The marriage of logic and experience in the wisdom of human relations is
ingrained in ancient Jewish philosophy, which, according to Isaac
Abravanal, recognized that experience is more forceful than logic but
logic and experience are not mutually exclusive. Without being applied
to experience, logic tends to be hollow and directionless, but without
the focus of logic, experience becomes multi directional and out of
focus. Good decisions come from experience and experience comes from
bad decisions. In other words, rights emerge from wrongs and not from
ancient parchments or tomes of wisdom hidden away in a forgotten memory
that is subsequently revived.
The essence of a nation should be founded on human rights that are
contrived from single instances of wrongs committed against the people.
According to this principle, a right becomes something that is
legitimately due to a person which he can justly claim as secured to him
by law, and which ensures that some wrong committed in the past is
effectively precluded by the right so secured. A right should not be
confused with power, the former being based on moral justification and
expectation and the latter being based on enforceability. Protection by
the state of an individual, freedom to attend church or temple, and
freedom to educate oneself are examples of a right where as sovereignty
of State, authority to censor speech and enforce martial law are
examples of power. A wise nation distinguishes between the two and
maintains a balance.
Human rights should be viewed as something more than a concept which
acts as a cultural artifact. They transcend fundamental rights, which
are essentially political and civil rights, and expand to more basic
rights such as the right to be equal to anyone with regard to the basic
universal need for nourishment, shelter, clothing and education. In
order to make sure that they are enjoyed by all of humanity, any
community will have to make sure that human rights are a matter of
course and are ensured by a guaranteed and contrived effort by all.

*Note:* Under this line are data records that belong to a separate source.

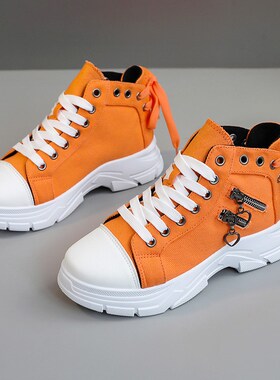 春季橘黄色高帮男女情侣帆布鞋韩版透气厚底增高防滑运动马丁靴潮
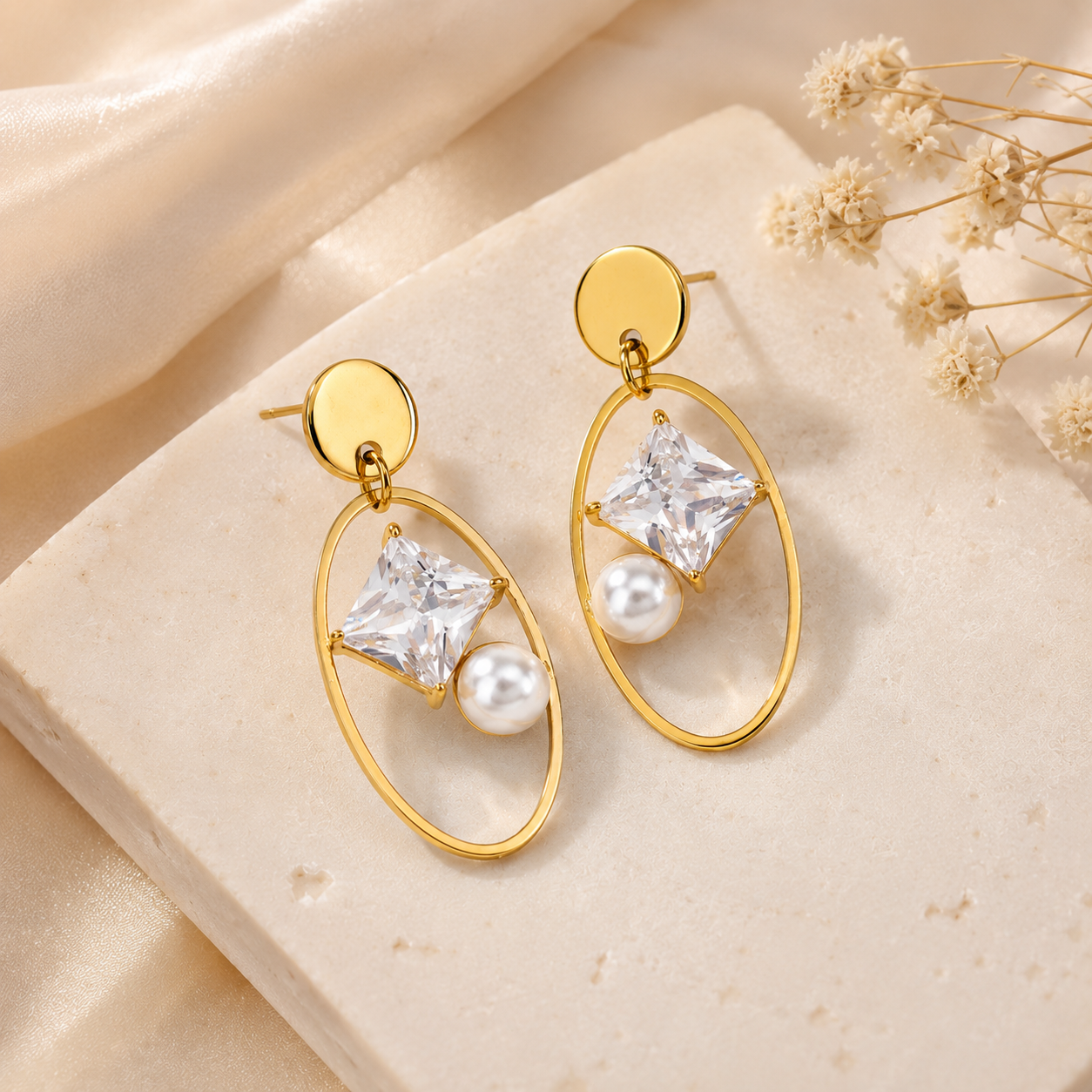 Pearl Prism Drop Earrings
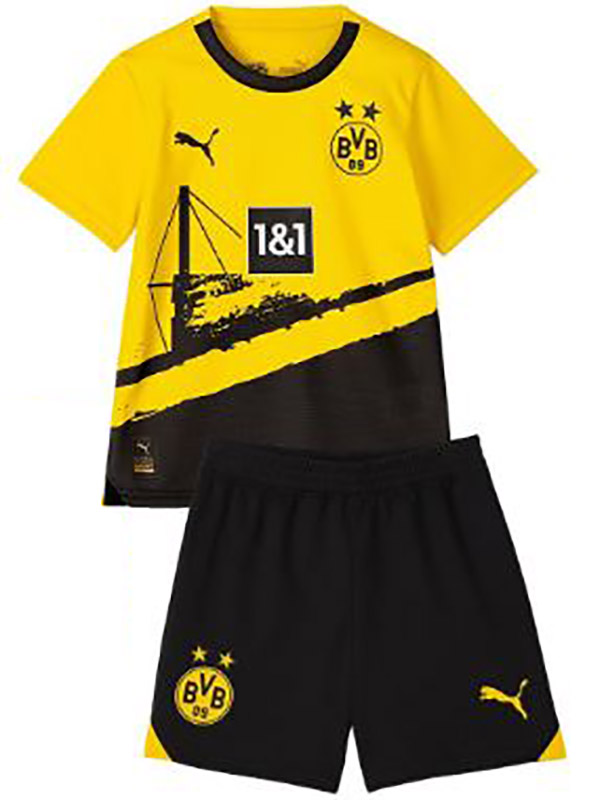Borussia Dortmund maison enfants kit de football maillot enfants premier football mini chemise jeunes uniformes 2023-2024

Human rights and their worth cannot strictly be evaluated.
Traditional modes of evaluation, with which the voter usually goes to
the polls in a democratic environment to select the government, are
“value for money”, efficiency of service delivery and customer
satisfaction. At best, these yardsticks have largely been political and
economic abstractions which have prompted some academics and
practitioners to consider the subject of governance-evaluation as being
immeasurable or too much trouble.
As for the role of the courts in ensuring the Rule of Law, and the
impartiality and independence of the judiciary, the finding of the
Supreme Court of Canada clearly subsumed the point in the statement of
the Chief Justice of Canada in the Provincial Court Judges decision handed
down in 1997: “Judicial independence is valued, because it serves
important societal goals – it is a means to secure those goals.
One of these goals is the maintenance of public confidence in the
impartiality of the judiciary, which is essential to the effectiveness
of the court system. Independence contributes to the perception that
justice will be done in individual cases. Another social goal, served by
judicial independence is the maintenance of the rule of law, one aspect
of which is the constitutional principle that the exercise of all
public power must find its ultimate source in a legal rule”.
There should be nothing less in the Rule of Law. The author fervently hopes that, on the occasion of the 68th anniversary
of independence in Sri Lanka, these inviolable and precious tenets that
make the Rule of Law truly sustain. ESTO PERPETUA.